> [MATERIAL SHOWN]:
━━━
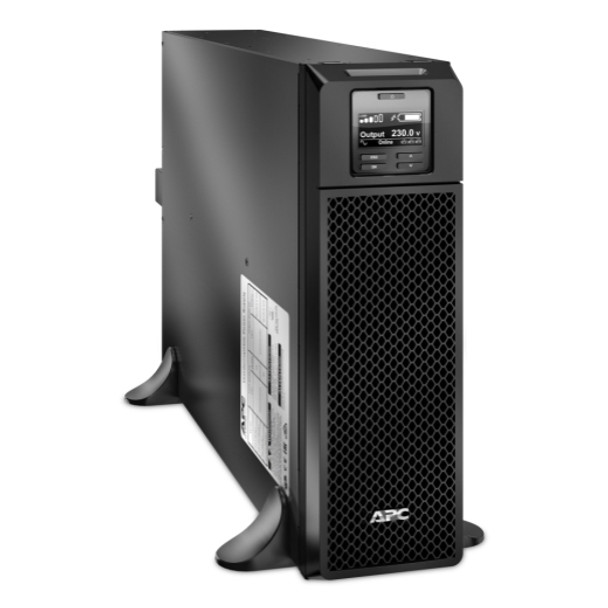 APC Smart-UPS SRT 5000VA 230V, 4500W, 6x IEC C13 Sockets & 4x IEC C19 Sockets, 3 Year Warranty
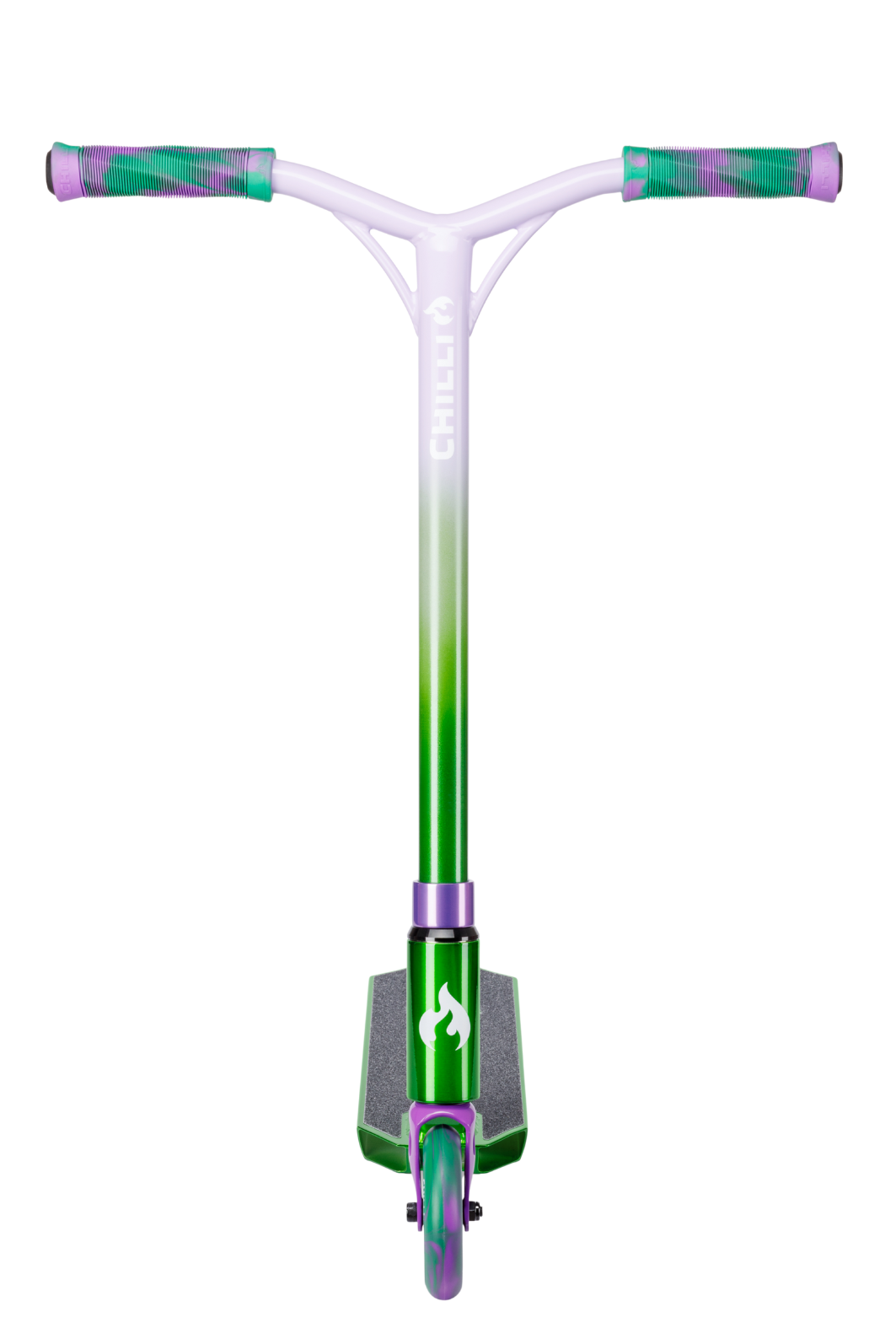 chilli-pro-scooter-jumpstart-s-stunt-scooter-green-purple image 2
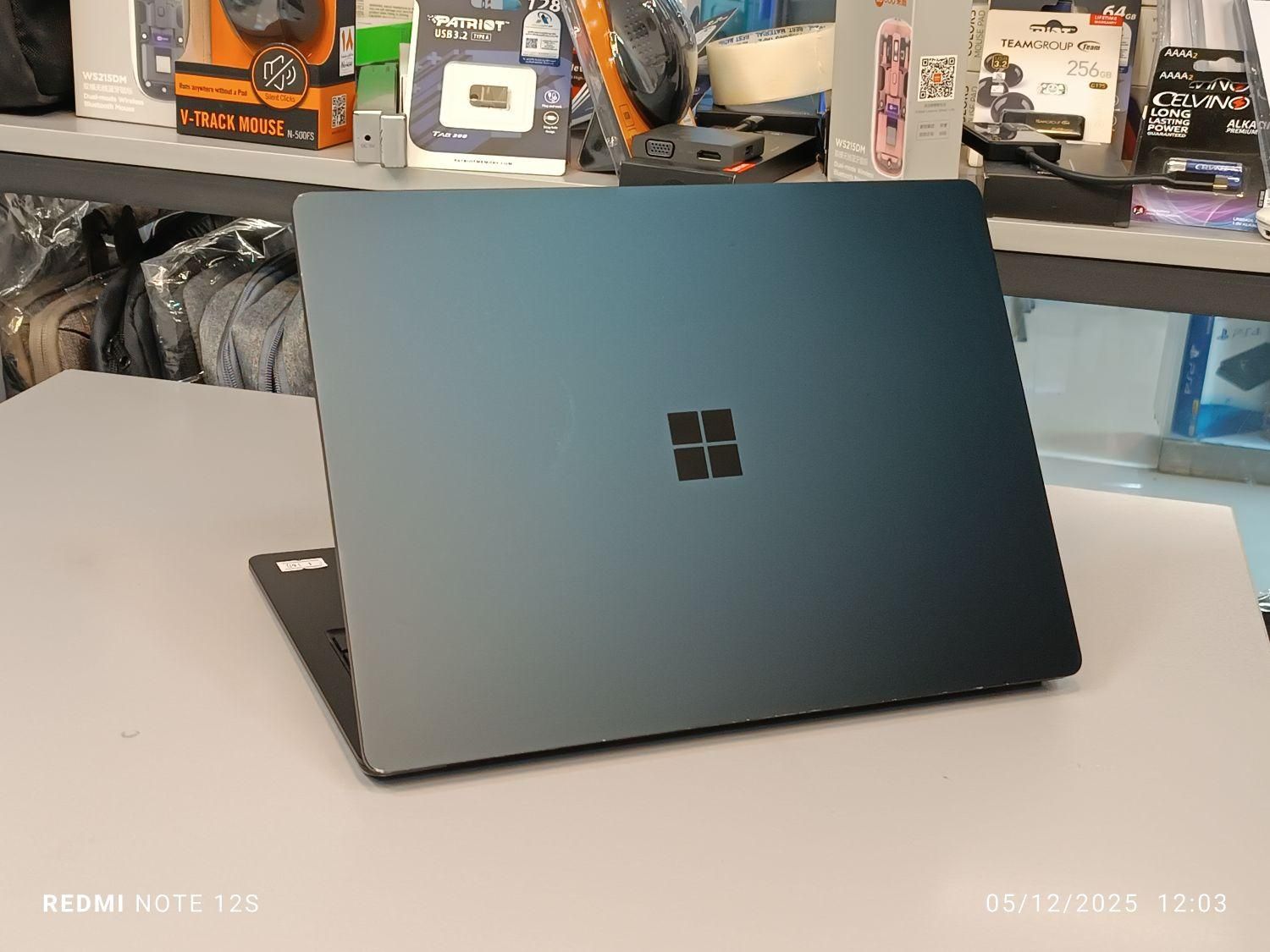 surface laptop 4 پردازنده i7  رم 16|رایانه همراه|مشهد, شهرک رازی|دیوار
━━━
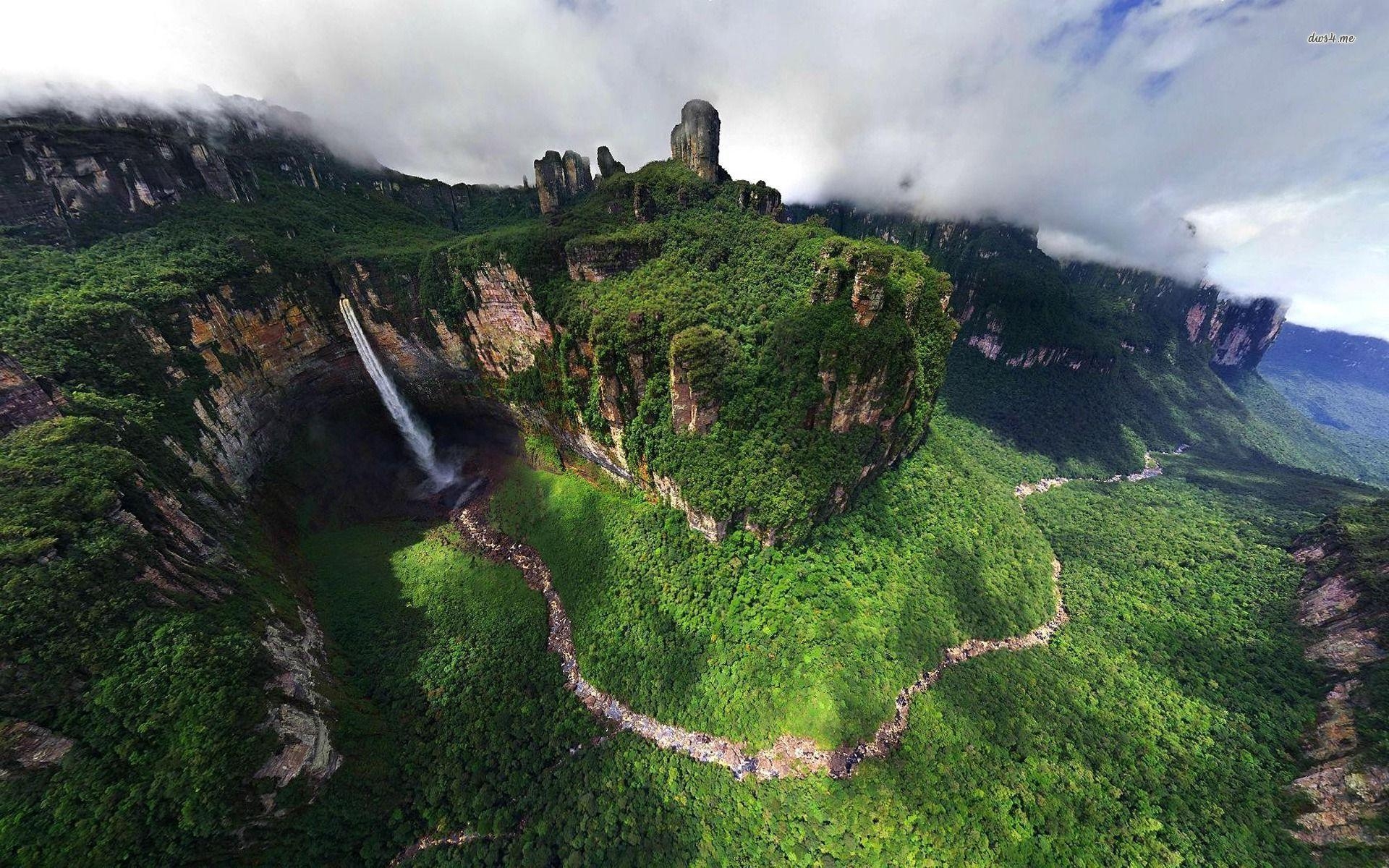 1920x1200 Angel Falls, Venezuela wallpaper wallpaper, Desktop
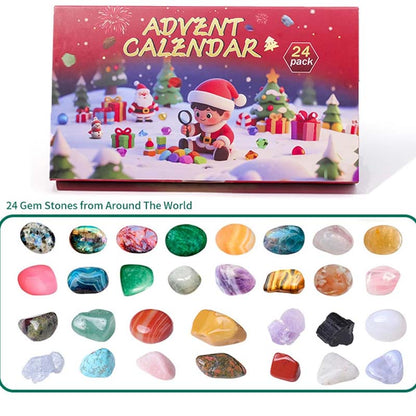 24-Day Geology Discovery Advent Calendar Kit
━━━
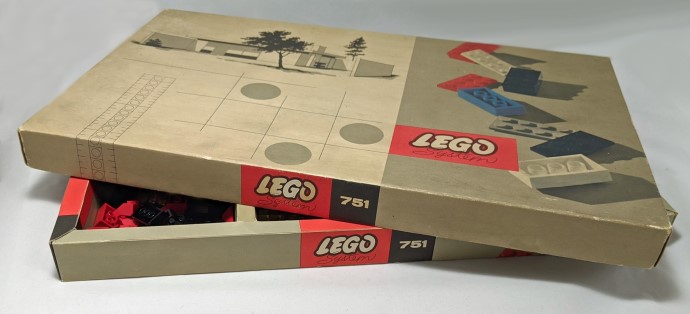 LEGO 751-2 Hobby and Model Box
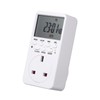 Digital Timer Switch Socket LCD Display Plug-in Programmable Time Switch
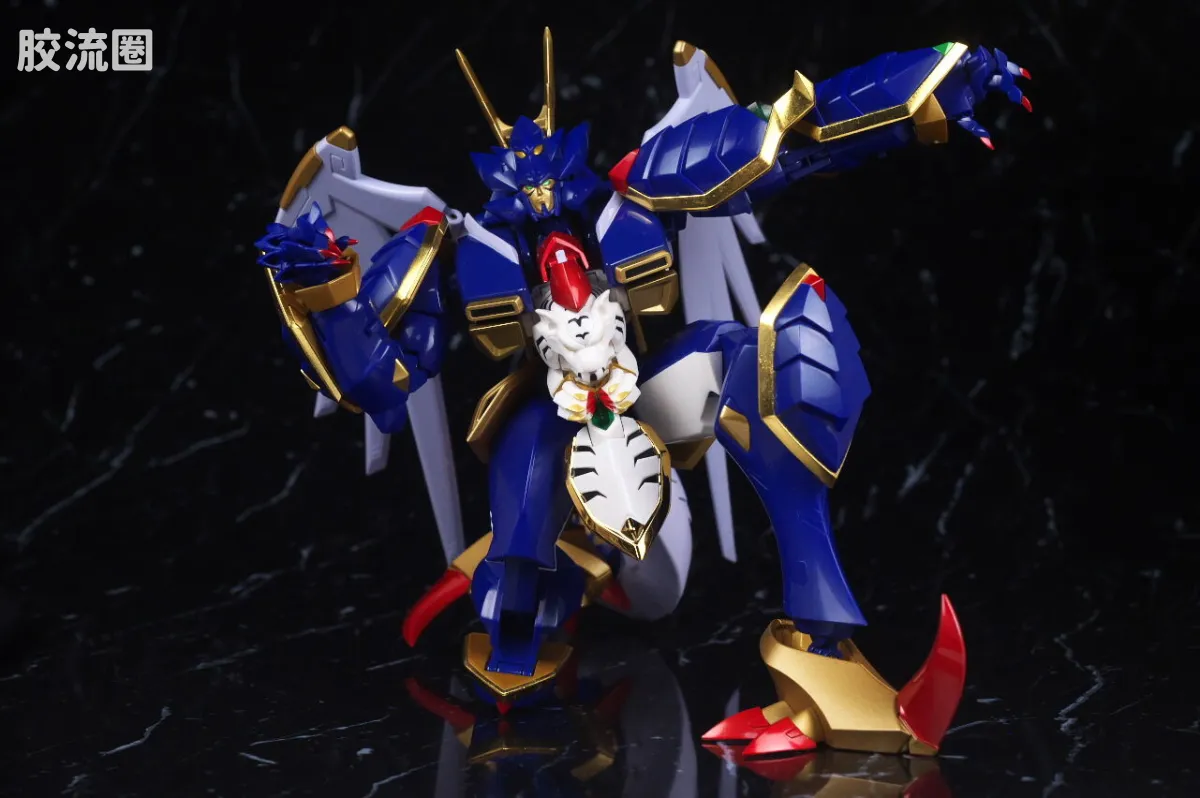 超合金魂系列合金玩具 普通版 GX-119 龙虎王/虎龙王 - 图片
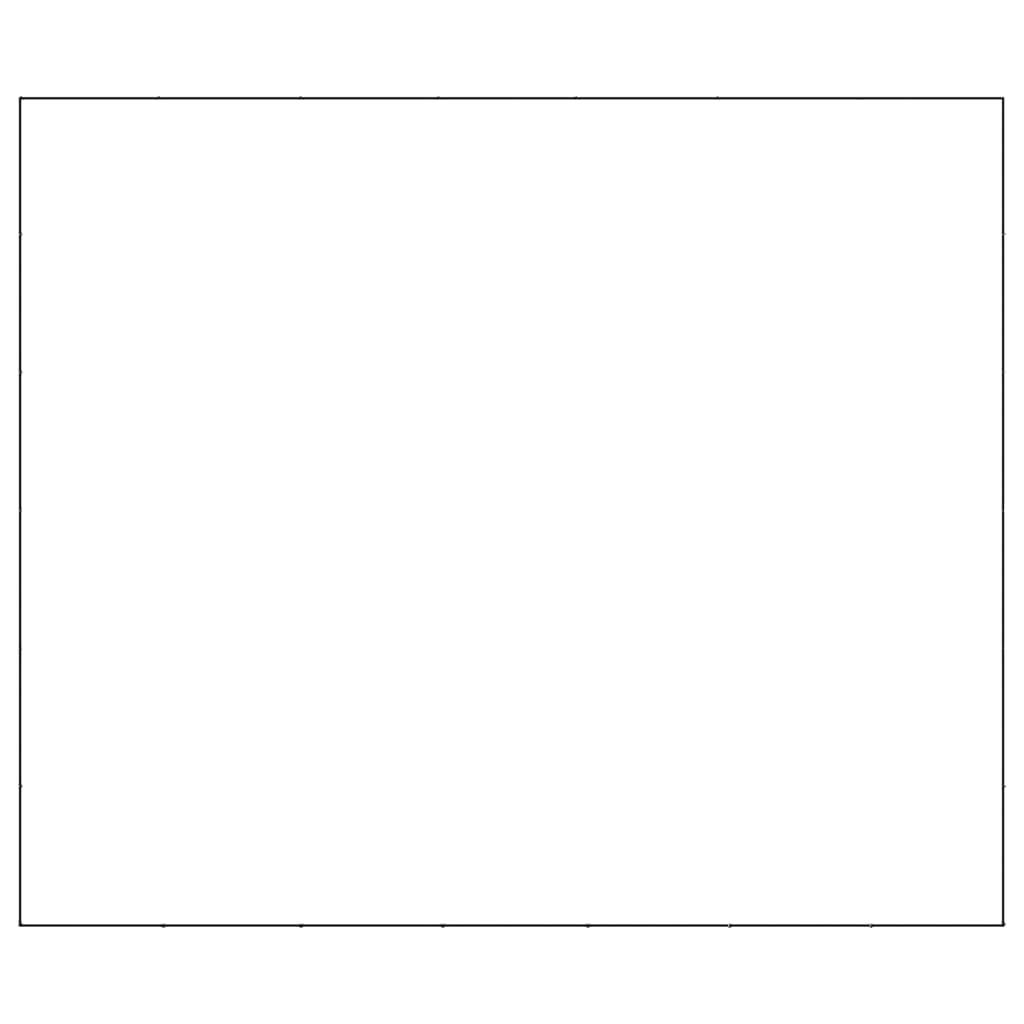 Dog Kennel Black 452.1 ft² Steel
━━━
Return exactly the lines above, from the one with "Digital Timer Switch" up to and including the one with "Dog Kennel Black 452.1 ft² Steel", and include no pictures.

 Digital Timer Switch Socket LCD Display Plug-in Programmable Time Switch
 超合金魂系列合金玩具 普通版 GX-119 龙虎王/虎龙王 - 图片
 Dog Kennel Black 452.1 ft² Steel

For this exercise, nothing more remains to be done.